MRI-based ventilation and perfusion imaging to predict radiation-induced pneumonitis in lung tumor patients at a 0.35 T MR-Linac

Klaar R, Rabe M, Stüber AT, Hering S, Corradini S, Eze C, Marschner S, Belka C, Landry G, Dinkel J, Kurz C (2024)


Publication Type: Journal article

Publication year: 2024

Journal

Book Volume: 199

Article Number: 110468

DOI: 10.1016/j.radonc.2024.110468

Abstract

Background and purpose: Radiation-induced pneumonitis (RP), diagnosed 6–12 weeks after treatment, is a complication of lung tumor radiotherapy. So far, clinical and dosimetric parameters have not been reliable in predicting RP. We propose using non-contrast enhanced magnetic resonance imaging (MRI) based functional parameters acquired over the treatment course for patient stratification for improved follow-up. Materials and methods: 23 lung tumor patients received MR-guided hypofractionated stereotactic body radiation therapy at a 0.35 T MR-Linac. Ventilation- and perfusion-maps were generated from 2D-cine MRI-scans acquired after the first and last treatment fraction (Fx) using non-uniform Fourier decomposition. The relative differences in ventilation and perfusion between last and first Fx in three regions (planning target volume (PTV), lung volume receiving more than 20 Gy (V20) excluding PTV, whole tumor-bearing lung excluding PTV) and three dosimetric parameters (mean lung dose, V20, mean dose to the gross tumor volume) were investigated.
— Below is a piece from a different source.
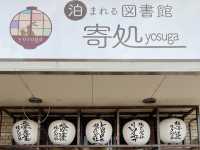 【富山】富山市で泊まるならココ！地元大学生たちが経営する「泊まれる図書館 寄処 ~yosuga~」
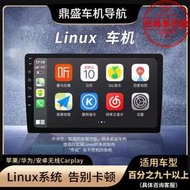 Linux車機系統中控大屏汽車導航無線CarPlay手機聯倒車影像一體機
Univariate receiver operating characteristic curve - area under the curve (ROC–AUC) analysis was performed (endpoint RP grade ≥ 1) using 5000 bootstrapping samples. Differences between RP and non-RP patients were tested for statistical significance with the non-parametric Mann–Whitney U test (α = 0.05). Results: 14/23 patients developed RP of grade≥1 within 3 months. The dosimetric parameters showed no significant differences between RP and non-RP patients. In contrast, the functional parameters, especially the relative ventilation difference in the PTV, achieved a p-value < 0.05 and an AUC value of 0.84. Conclusion: MRI-based functional parameters extracted from 2D-cine MRI-scans were found to be predictive of RP development in lung tumor patients.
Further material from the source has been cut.